━━━━━ Given entries ━━━━━

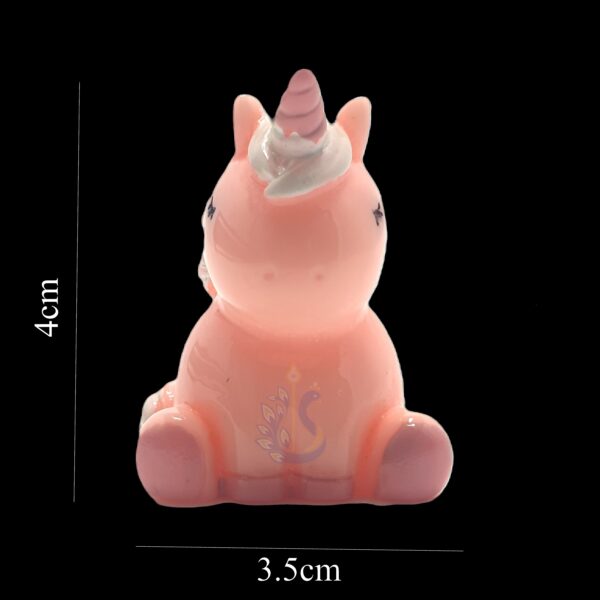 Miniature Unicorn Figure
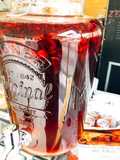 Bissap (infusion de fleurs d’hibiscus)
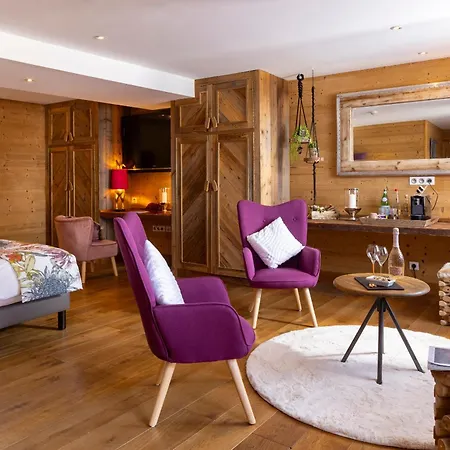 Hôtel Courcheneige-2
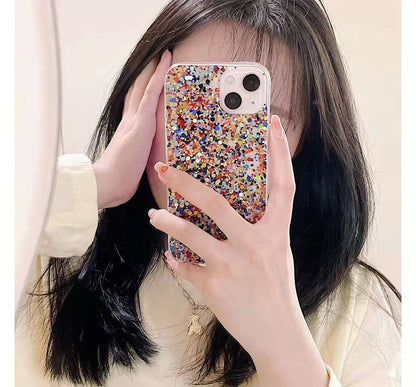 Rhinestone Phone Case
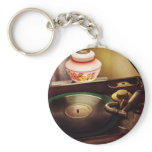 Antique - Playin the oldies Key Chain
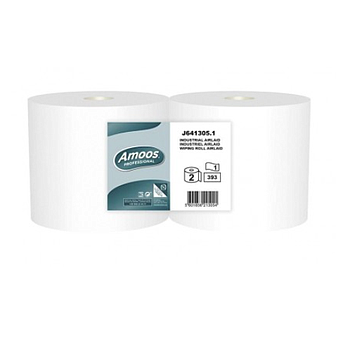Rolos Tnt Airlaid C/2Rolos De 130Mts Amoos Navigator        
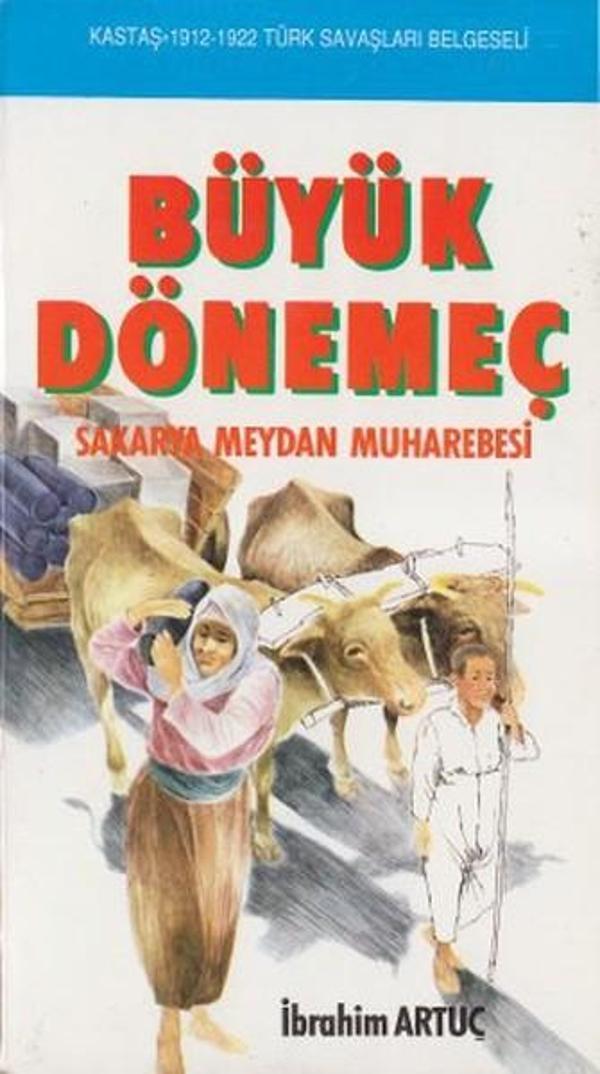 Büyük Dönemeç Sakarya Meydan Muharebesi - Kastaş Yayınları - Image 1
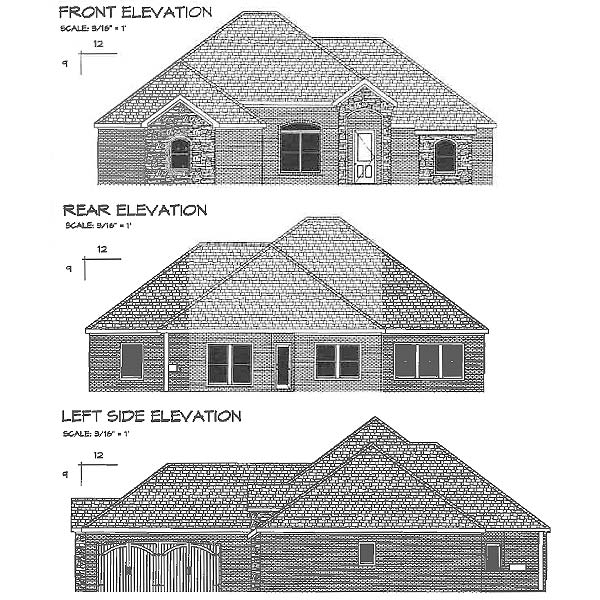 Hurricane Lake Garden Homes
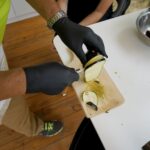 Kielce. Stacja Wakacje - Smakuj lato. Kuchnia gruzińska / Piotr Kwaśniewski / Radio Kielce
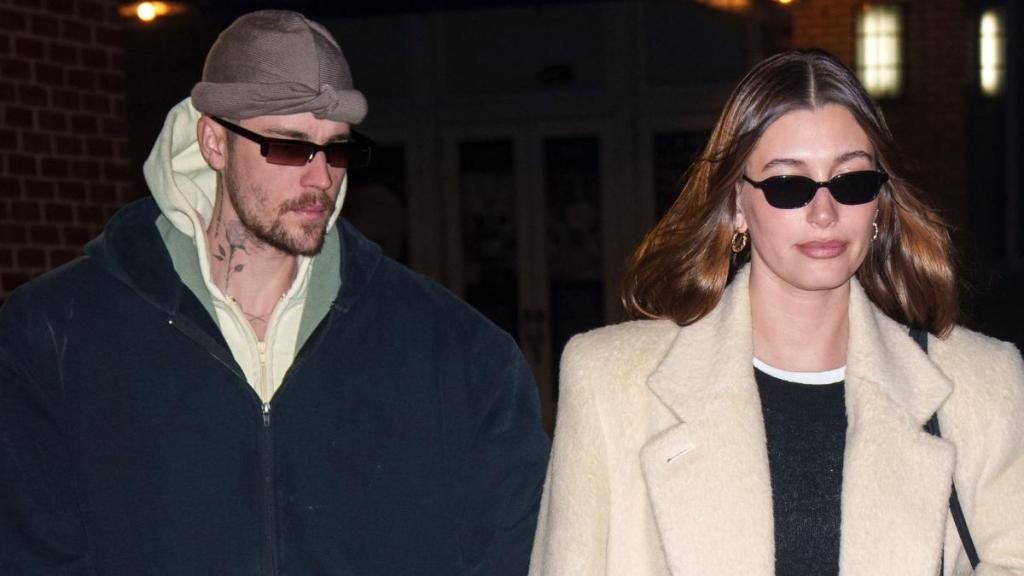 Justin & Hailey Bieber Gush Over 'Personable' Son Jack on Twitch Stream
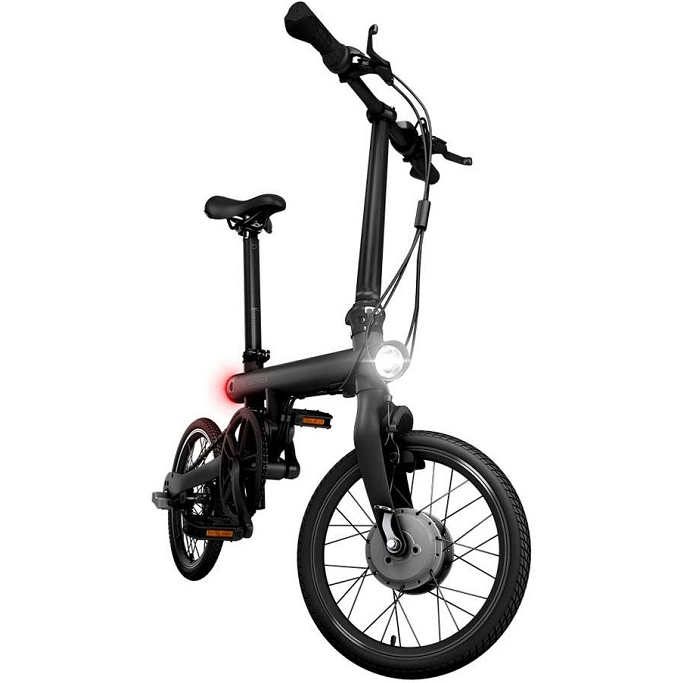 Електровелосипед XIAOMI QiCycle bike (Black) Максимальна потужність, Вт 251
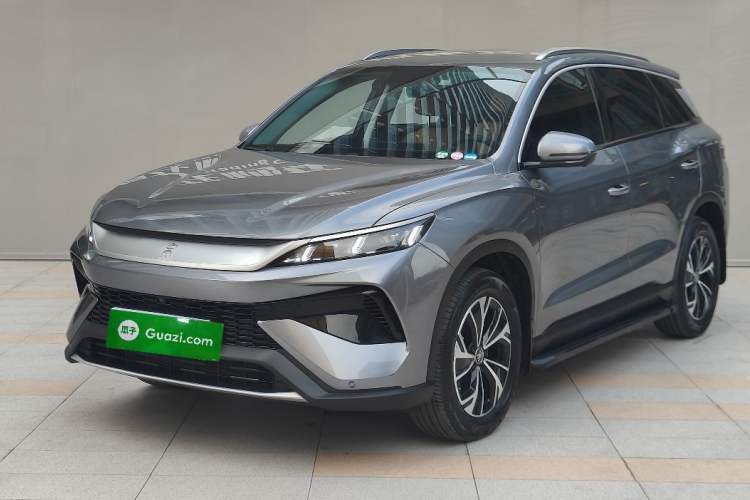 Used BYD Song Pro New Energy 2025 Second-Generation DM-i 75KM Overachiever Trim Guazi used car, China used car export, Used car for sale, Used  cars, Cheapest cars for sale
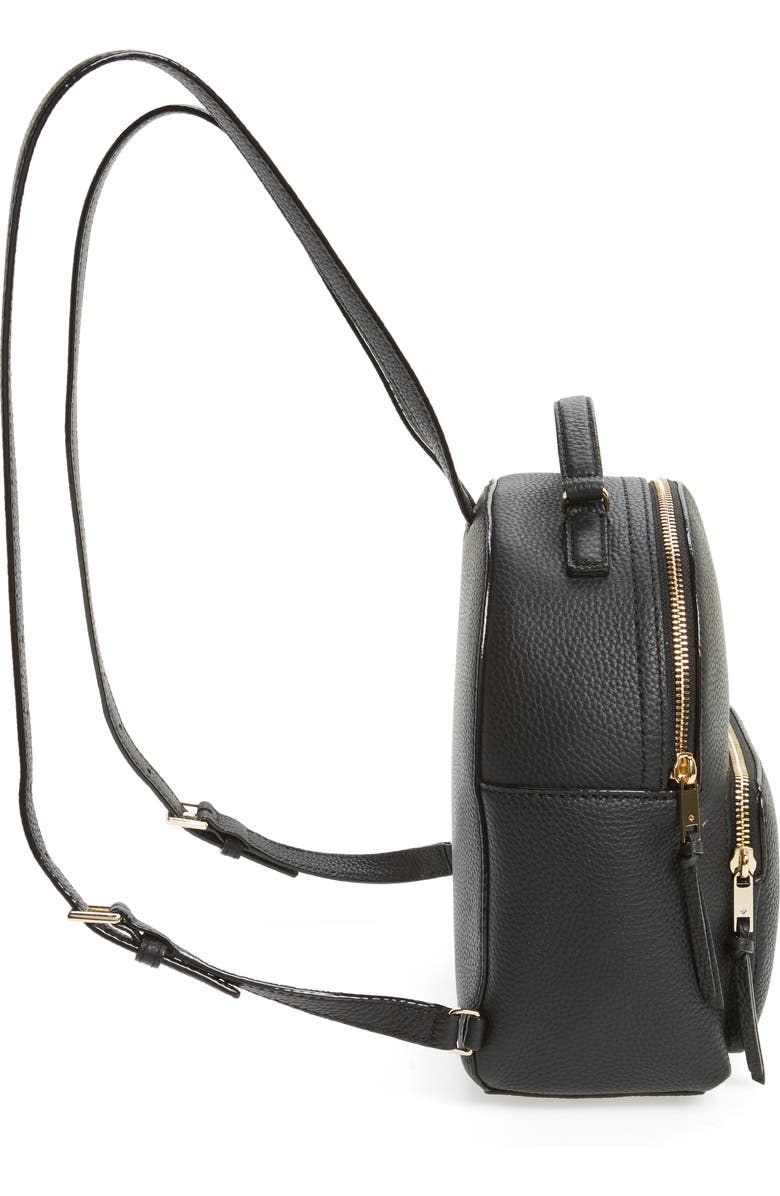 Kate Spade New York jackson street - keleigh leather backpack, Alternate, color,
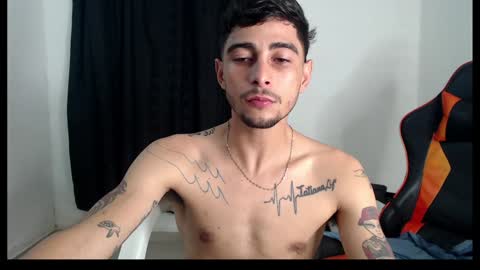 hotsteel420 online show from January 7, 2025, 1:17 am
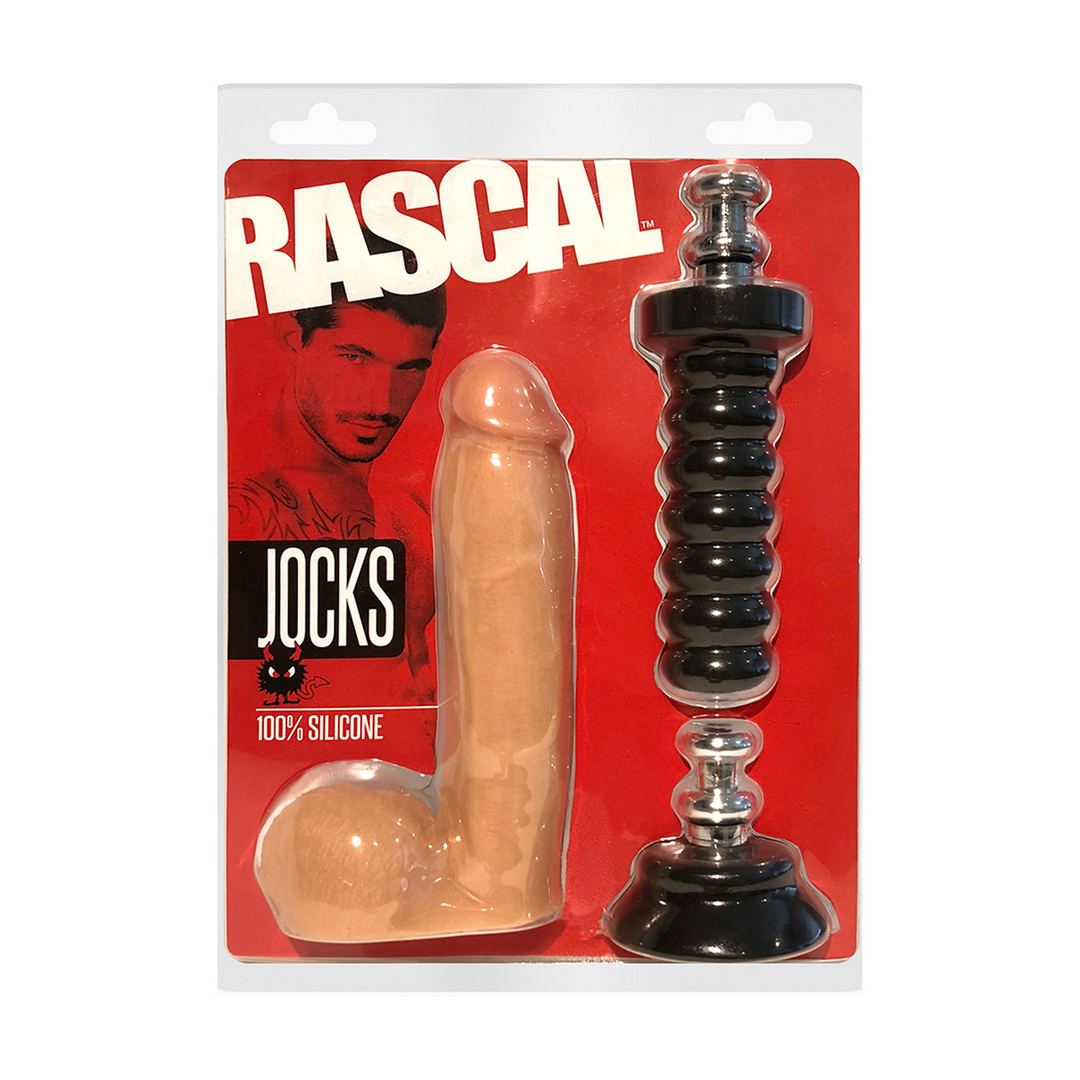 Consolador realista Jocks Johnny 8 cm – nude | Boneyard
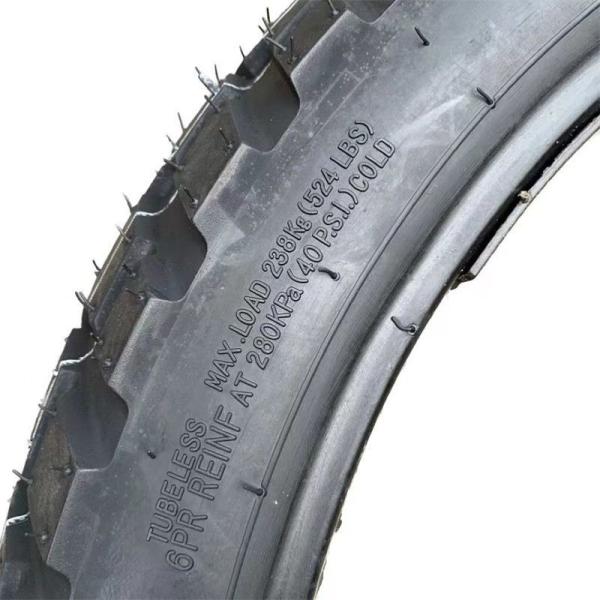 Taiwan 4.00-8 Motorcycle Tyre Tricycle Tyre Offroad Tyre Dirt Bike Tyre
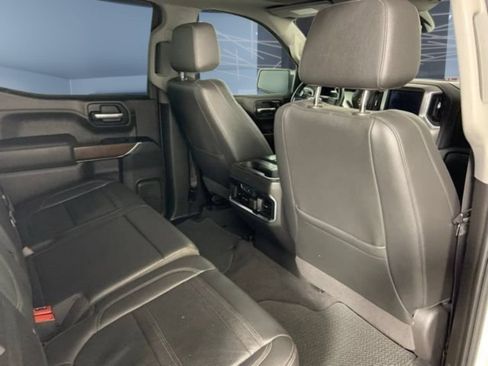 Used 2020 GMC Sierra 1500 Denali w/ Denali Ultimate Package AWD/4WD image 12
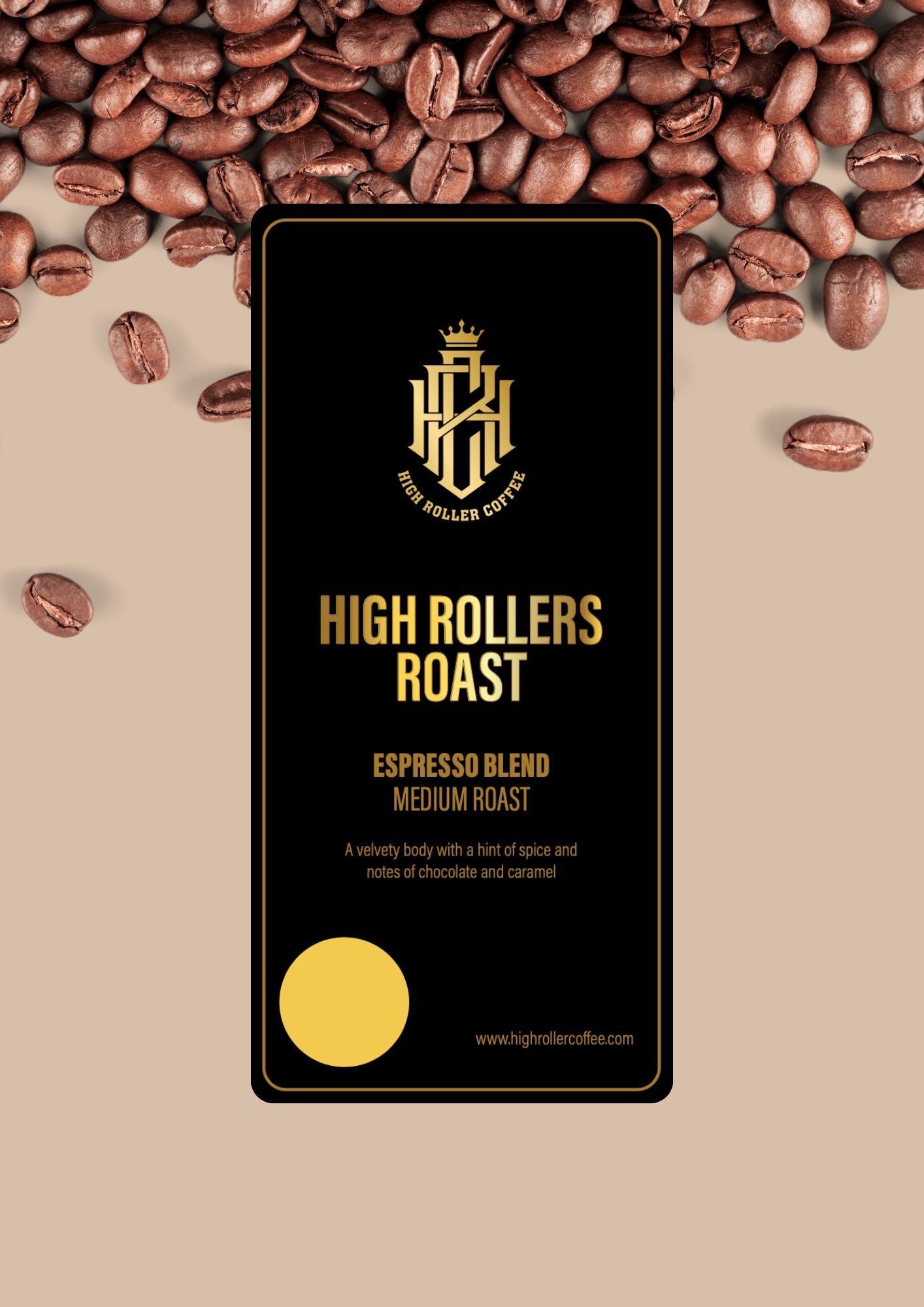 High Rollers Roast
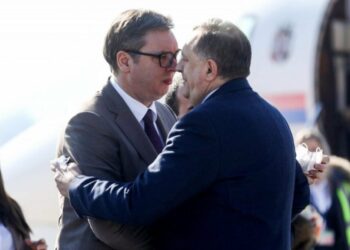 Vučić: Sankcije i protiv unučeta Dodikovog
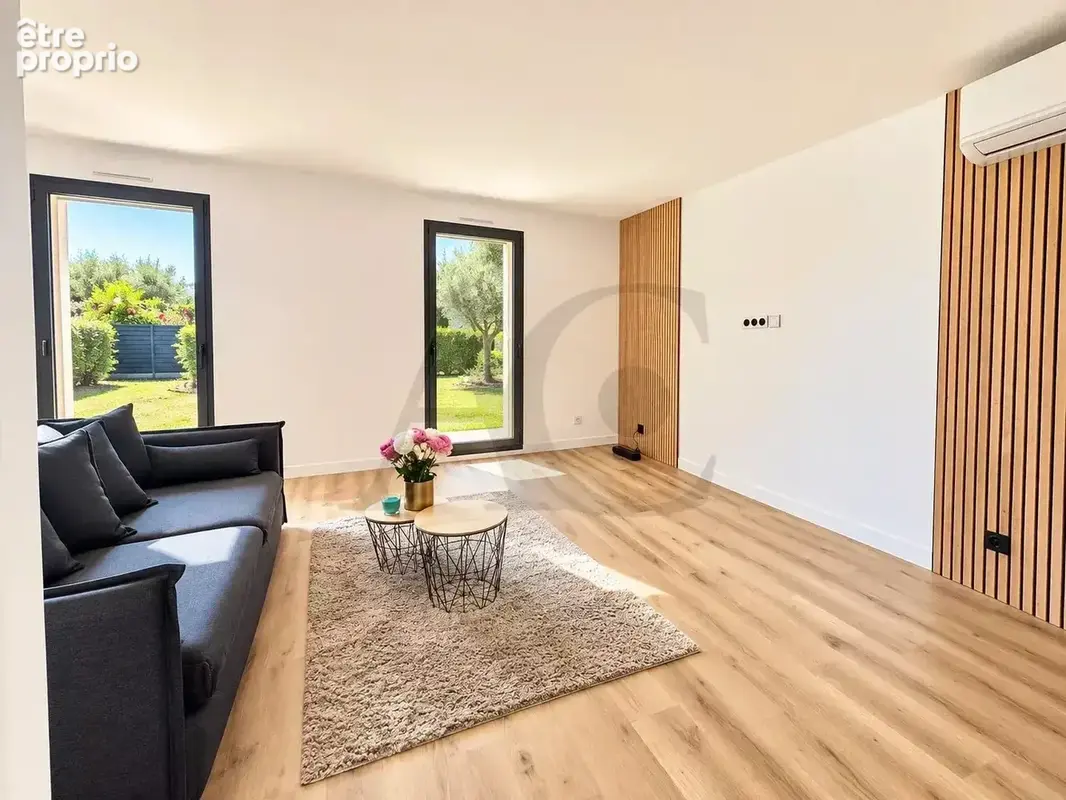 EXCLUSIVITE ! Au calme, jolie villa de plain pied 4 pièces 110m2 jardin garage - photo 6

━━━━━

— Task directions —
Start at the line above containing "Hôtel Courcheneige-2" and stop at the line containing "Електровелосипед XIAOMI QiCycle": print those lines and everything between them exactly, but not the pictures.

— Answer section —
 Hôtel Courcheneige-2
 Rhinestone Phone Case
 Antique - Playin the oldies Key Chain
Rolos Tnt Airlaid C/2Rolos De 130Mts Amoos Navigator        
 Büyük Dönemeç Sakarya Meydan Muharebesi - Kastaş Yayınları - Image 1
 Hurricane Lake Garden Homes
 Kielce. Stacja Wakacje - Smakuj lato. Kuchnia gruzińska / Piotr Kwaśniewski / Radio Kielce
 Justin & Hailey Bieber Gush Over 'Personable' Son Jack on Twitch Stream
 Електровелосипед XIAOMI QiCycle bike (Black) Максимальна потужність, Вт 251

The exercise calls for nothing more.